There is no more bitter dispute in the field of mental health than that
about 'false' memories. What intensifies the bitterness is that at its core
is the stomach-churning issue of child sexual abuse. Those whose memories
are challenged include many patients alleging serious sexual abuse at the
hands of parents, siblings and guardians. Those challenging retrieved
memories of abuse include parents and relatives accused of CSA, some
innocent, some almost certainly guilty. There are those who insist that
some traumatic experiences are so psychologically destructive that the
sufferer, consciously or not, 'represses' them and lives a life seemingly
indifferent to them unless, usually with the help of a sympathetic
therapist, the memories are unearthed. Others argue with equal vehemence
that there is no such thing as 'repressed' memory, that it is yet another
spurious Freudian dogma, and that therapists use questionable methods of
interrogation to suggest and insert false memories that are the allegedly
buried ones. At the heart of the controversy is a scientific question can
the mind completely and involuntarily pack in the unconscious memories of
repeated traumatic events and recover them with accuracy and in detail many
years later? A formidable protagonist in this battle is Frederick Crews, an
emeritus professor not of psychology or psychiatry, but of English. In
common with many literary academics in the postwar years, Crews was, as he
describes himself, 'a one-time Freudian' who has since seen the light. In
1993, he published an article, 'The Unknown Freud', in the New York Review
of Books, in which he argued that the founder of psychoanalysis was 'a
saturnine self-dramatiser' who showed a cavalier disdain for facts,
invariably preferred an arcane explanation to an obvious one, brazenly
interfered with the marriage of a patient in order to get his hands on an
heiress's money, doctored his data and manipulated his clients, and who, in
the words of an American psychoanalyst trained by Freud, 'would wait until
he found an association that would fit his scheme of interpretation and
pick it up like a detective at a line-up who waits until he sees his man'.
In that same article, Crews studied several Freudian case histories, and
concluded that Freud did not elicit repressed memories from his patients,
but constructed them and proceeded to create a therapeutic arrangement in
which these 'repressed' memories were uncovered. 

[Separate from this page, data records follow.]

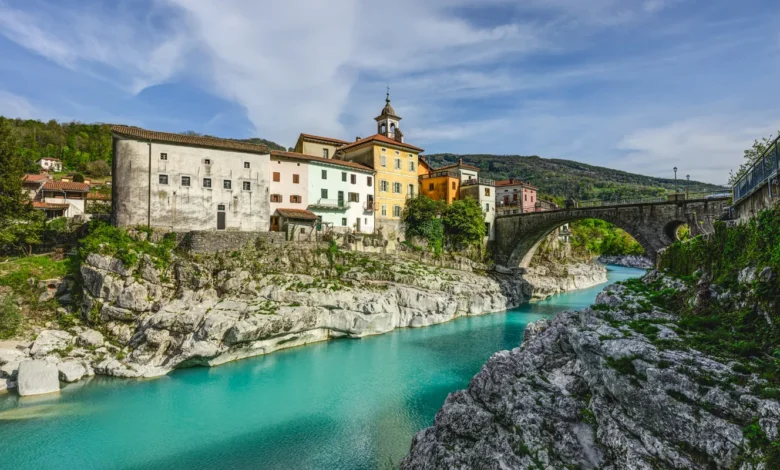 Adrenalinski skoki s kamnitega mostu v Kanalu ob Soči očarajo svet 1 adrenalinski skoki s kamnitega mostu v kanalu ob soci ocarajo svet 68a19a2035658 1755421216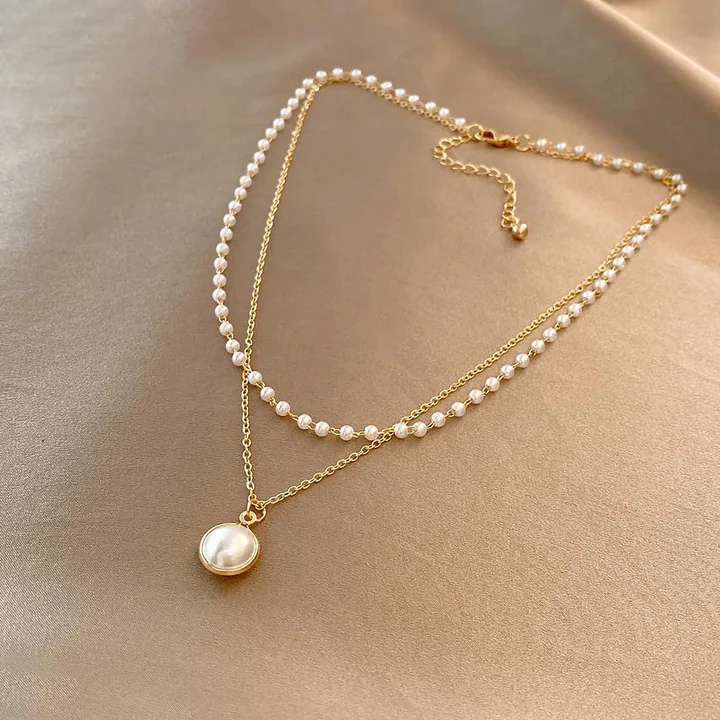Elegant Pearls in Gold Chain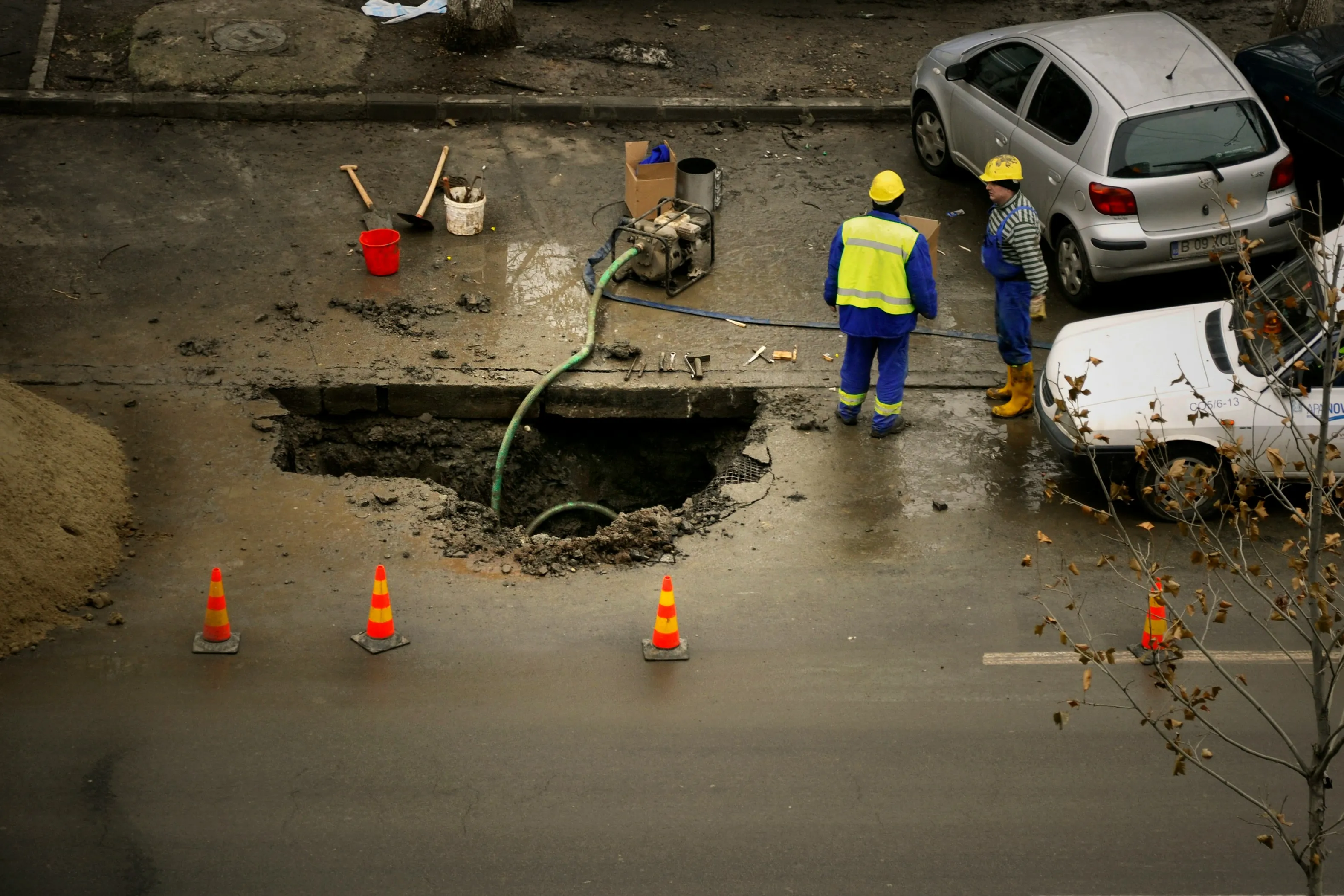 Engineers working on a drainage excavation and groundworks project in Glasgow.
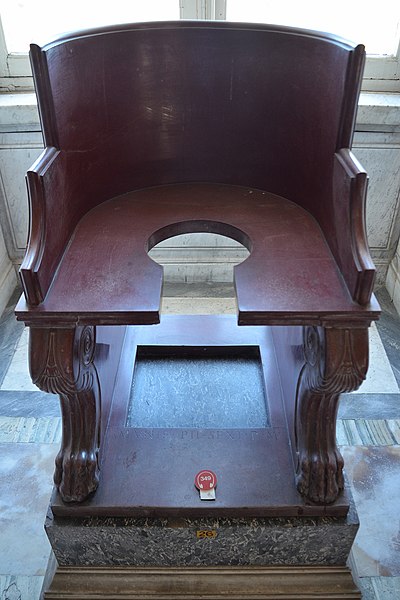 File:Roman toilet seat in rosso antico.jpg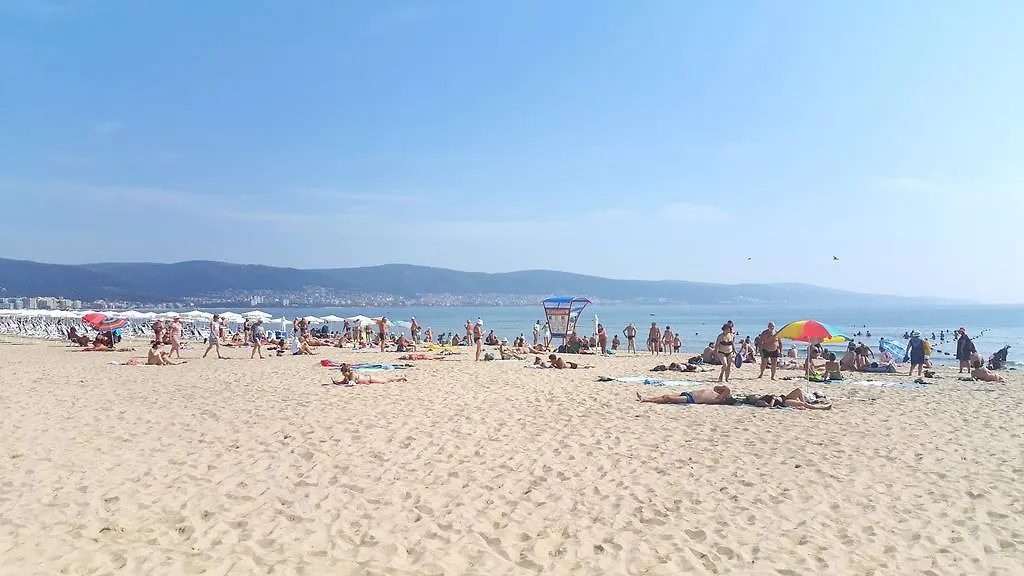 Royal Beach Private Apartments Sunny Beach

As Allen Esterson reminds us, in his powerful book Seductive Mirage, the
controversy over Freud's seduction theory has tended to focus on whether
the accusatory tales of childhood sexual abuse recounted by his patients
were believable. Jeffrey Masson held that the stories were true and that
Freud showed a failure of nerve in renouncing them. Peter Gay asserts that
the stories were false and that Freud had been taken in by his own
patients. But, argued Crews, drawing heavily on Esterson, both parties have
missed the point. The question is not whether the stories are true but,
rather, what stories. 

Freud asserted that 'almost all my women patients told me they had been
seduced by their father'. He later decided such revelations were fantasies.
His papers, however, revealed that before they came to analysis, these
women knew nothing about such events until he suggested them. Freud
described how he did it: 'Only the strongest compulsion of the treatment
can induce them to embark on a reproduction of them.' Then, as Esterson
describes it: 'Having decided that his own constructions (about childhood
sexual abuse) are untrue, he concludes that they are not genuine
occurrences, but fantasies of his patients.' Crews concludes that the
coercive tactics by which Freud tried to win his patients' agreement to his
own theory-driven surmises about their histories 'rendered him chief
begetter of contemporary 'false memory syndrome'.' The essay, 'The Unknown
Freud', together with the follow-up 'The Revenge of the Repressed', which
also appeared in the New York Review of Books, are both contained in this
book, and alone would make it worth a read. But what makes the book
mandatory for anyone interested not just in the brutal skirmish over
repressed memory but in the wider war over the status of psychoanalysis is
that Crews has included substantial excerpts from one of the largest
postbags of correspondence that any article in that literary journal has
provoked. His assaults on psychoanalysis and its founder stirred passionate
controversy. Here, luminaries of the psychoanalytic world lock horns with
Crews, challenging his dismissal of the therapeutic bankruptcy of
psychoanalysis and contesting his allegations of dishonesty against Freud. 

Several years ago, the British Psychological Society produced its Report on
Recovered Memories, summarising the views of the society's 810 members who
had responded to a questionnaire on the subject. The report came down on
the side of recovered memories, concluding that complete or partial memory
loss is an oft-reported consequence of experiencing certain kinds of
psychological trauma, including childhood sexual abuse, and that such
memories may be recovered within or independently of therapy. 'Memory
recovery,' the report added, 'is reported by highly experienced and
well-qualified therapists well aware of the dangers of inappropriate
suggestion and interpretation.' The report did admit that therapists could
create in their clients false memories of childhood sexual abuse, but felt
there was no reliable evidence that this was a widespread phenomenon in the
UK. 

Crews, however, challenges the wisdom of relying on what therapists believe
derives from 'clinical experience' to sustain the view that 'the mind can
shield itself from ugly experiences, thoughts or feelings by relegating
them to a special 'timeless' region where they indefinitely retain a
symptom-producing virulence'. He insists that only properly conducted
scientific research can clarify the picture. His pugnacious and sturdy
views have led critics to accuse him of arguing that there is no such thing
as childhood sexual abuse. He rebuts the charge, but admits he is highly
dubious of the notion of repressed memory. Memories can disappear because
of factors other than repression. Memories can fade with time and, more
problematically, the mind can readily incorporate post-event information.
To forget is not the same as to repress. 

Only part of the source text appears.